Tiwari Shrikant, Chanak Prasenjit, Singh Sanjay Kumar
Department of Computer Science and EngineeringIndian Institute of Technology (BHU) Varanasi 221005 India.
IEEE Trans Artif Intell. 2022 Jan 11;4(1):44-59. doi: 10.1109/TAI.2022.3142241. eCollection 2023 Feb.
The purpose of this article is to see how machine learning (ML) algorithms and applications are used in the COVID-19 inquiry and for other purposes. The available traditional methods for COVID-19 international epidemic prediction, researchers and authorities have given more attention to simple statistical and epidemiological methodologies. The inadequacy and absence of medical testing for diagnosing and identifying a solution is one of the key challenges in preventing the spread of COVID-19. A few statistical-based improvements are being strengthened to answer this challenge, resulting in a partial resolution up to a certain level. ML have advocated a wide range of intelligence-based approaches, frameworks, and equipment to cope with the issues of the medical industry.

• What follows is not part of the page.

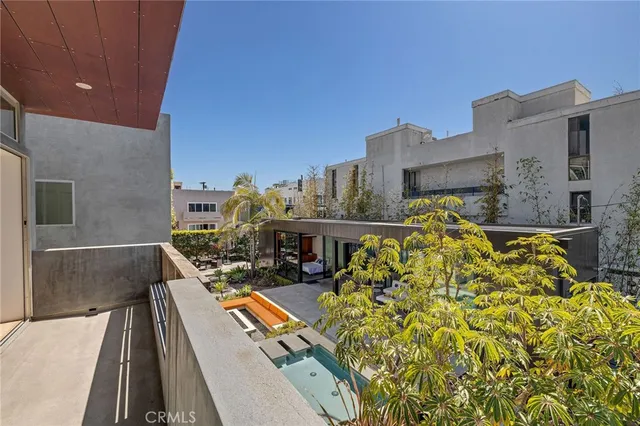 $39,500 | 27 Driftwood Street, Marina del Rey, CA 90292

The application of inventive structure, such as ML and other in handling COVID-19 relevant outbreak difficulties, has been investigated in this article. The major goal of this article is to 1) Examining the impact of the data type and data nature, as well as obstacles in data processing for COVID-19. 2) Better grasp the importance of intelligent approaches like ML for the COVID-19 pandemic. 3) The development of improved ML algorithms and types of ML for COVID-19 prognosis. 4) Examining the effectiveness and influence of various strategies in COVID-19 pandemic. 5) To target on certain potential issues in COVID-19 diagnosis in order to motivate academics to innovate and expand their knowledge and research into additional COVID-19-affected industries.

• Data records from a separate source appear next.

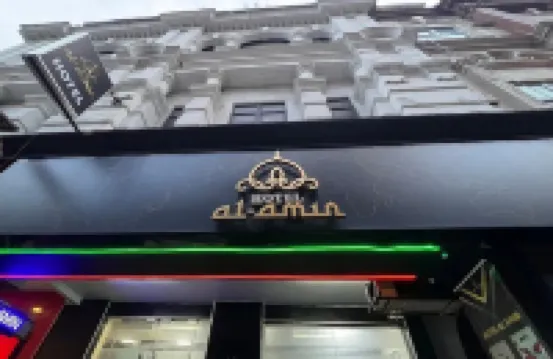 Hotel AL Amin Hotel berhampiran Masjid Jamek Pedestrian Bridge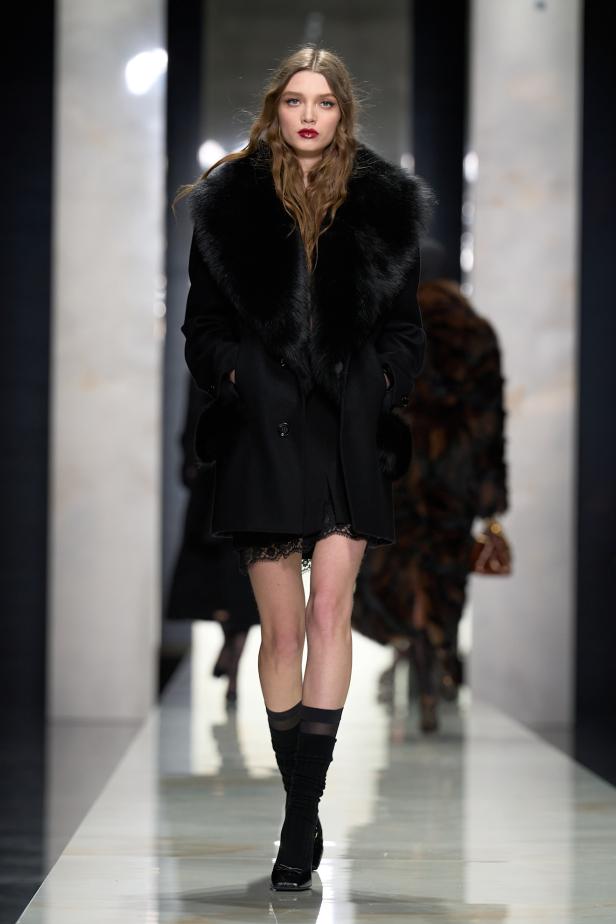 عرض دولتشي أند غابانا لخريف 2026... قصيدة سوداء في حب الهوية والأنوثة الطاغية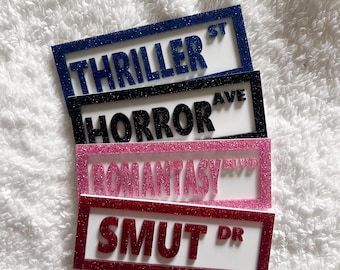 Bookshelf sign|bookshelf decor|library sign|book lover gift|book nook accessory|TBR sign|Smut sign|Romantasy sign|Thriller sign|bookclub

本文的目的是探讨机器学习(ML)算法和应用在新冠疫情调查及其他方面的使用情况。对于新冠疫情的国际流行预测,现有的传统方法中,研究人员和当局更多地关注简单的统计和流行病学方法。缺乏用于诊断和确定解决方案的医学检测是预防新冠疫情传播的关键挑战之一。目前正在加强一些基于统计的改进措施来应对这一挑战,从而在一定程度上实现了部分解决。机器学习倡导了广泛的基于智能的方法、框架和设备来应对医疗行业的问题。本文研究了诸如机器学习等创新结构在处理与新冠疫情相关的爆发难题中的应用。本文的主要目标是:1)研究数据类型和数据性质的影响,以及新冠疫情数据处理中的障碍。2)更好地理解像机器学习这样的智能方法对新冠疫情的重要性。3)开发用于新冠疫情预后的改进机器学习算法和机器学习类型。4)研究新冠疫情中各种策略的有效性和影响。5)针对新冠疫情诊断中的某些潜在问题,以激励学者进行创新,并将他们的知识和研究扩展到其他受新冠疫情影响的行业。